This is a question to the OP. For every $t\ge0$, let $X_t=(B_t+t)^2$ and $F^X_t$ the sigma-algebra $F^X_t=\sigma(X_s,s\le t)$. Are you asking if $(X_t)$ is a Markov process in the usual sense, see en.wikipedia.org/wiki/Markov_process#The_Markov_property, that is, with respect to its own filtration $(F^X_t)$? Or, with respect to the filtration $(F_t)$ of the Brownian motion $(B_t)$? –  Did Mar 25 '11 at 22:55
    
With respect to the filtration $\mathcal{F}_t$ seems like the more natural question to me, but also the easiest. With respect to the filtration of $X$ is more interesting. The answer is the same though.

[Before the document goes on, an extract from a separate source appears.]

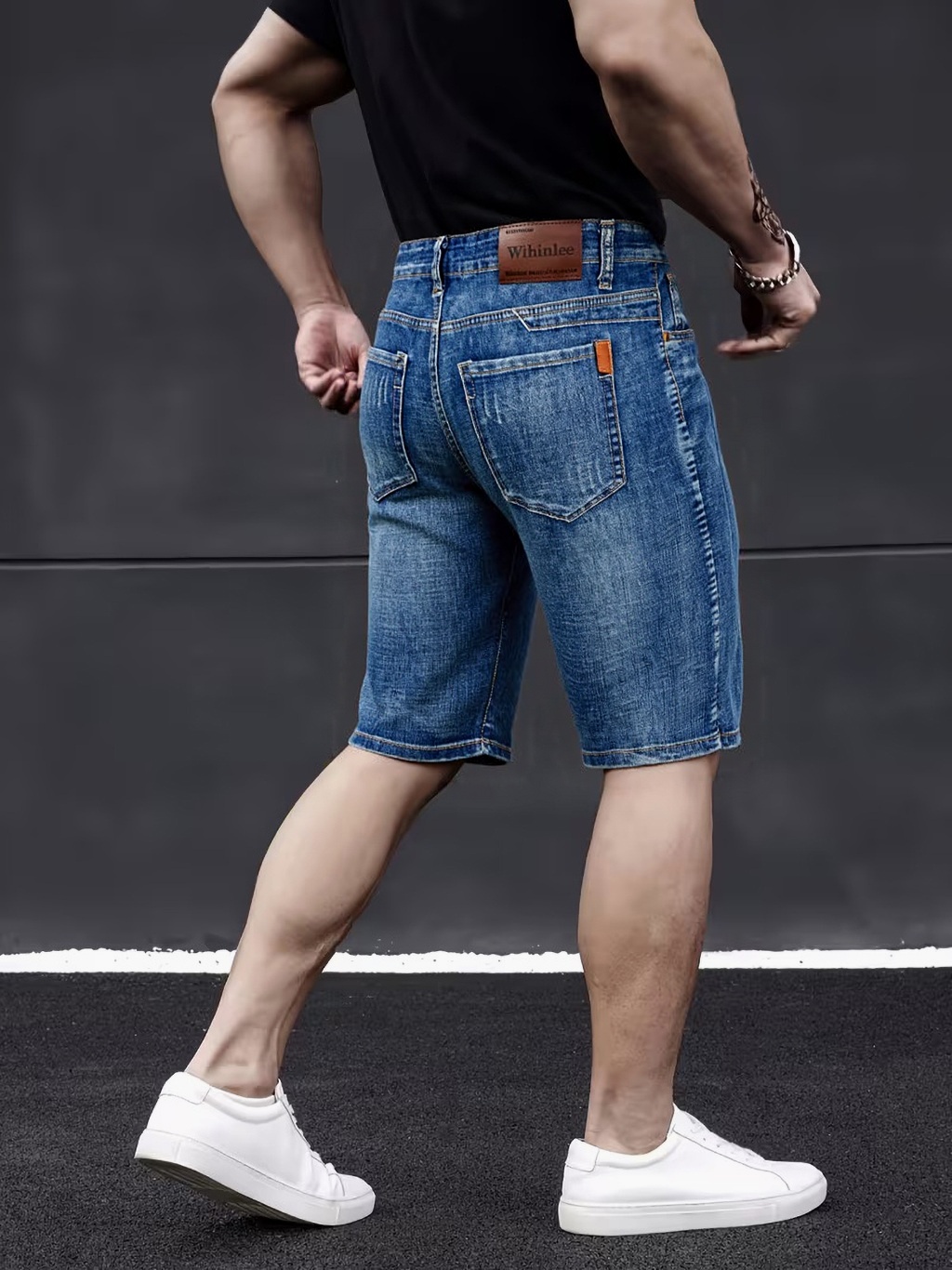Men'S Shoes With Jeans - วิธลี นิว บิสซิเนส เม็นส์ กางเกงยีนส์ลำลองทรงตรง ยืดได้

It is not Markov. –  George Lowther Mar 25 '11 at 23:47
    
btw, I'd have posted this as an answer, but I'm just posting from my mobile at the moment, so it's a bit tricky. –  George Lowther Mar 25 '11 at 23:58
    
Thinking about it with a bit more care (doing this calculation in my head...) it looks like it is Markov under the filtration of $X$. Amazingly, when you calculate the distribution of $X_t$ conditional on $\mathcal{F}_s^X$ there is a whole lot of cancelation, and it ends up only depending on $X_s$. –  George Lowther Mar 26 '11 at 0:33

3 Answers 3

up vote 10 down vote accepted

There are two possible filtrations here -- the original filtration $\mathcal{F}_t$ generated by the Brownian motion and the one generated by the process $X$, which I'll denote by $\mathcal{F}^X_t$. So, there are two ways to interpret this question, (i) is $X$ Markov with respect to $\mathcal{F}_t$, and (ii) is $X$ Markov with respect to its own filtration $\mathcal{F}^X_t$? Unsurprisingly, the answer to (i) is no, $X$ is not Markov. To see this, it is straightforward to compute $\mathbb{E}[X_t\vert\mathcal{F}_s]$ for times $s < t$, and you get $$ \mathbb{E}[X_t\vert\mathcal{F}_s]=(B_s+t)^2+t-s=X_s + 2(t-s)B_s +(t-s)^2+t-s. $$ Due to the dependence on $B_s$, which is not uniquely detemined by $X_s$, this is not a function of $X_s$, so the process is not Markov (which is Byron's point in his answer).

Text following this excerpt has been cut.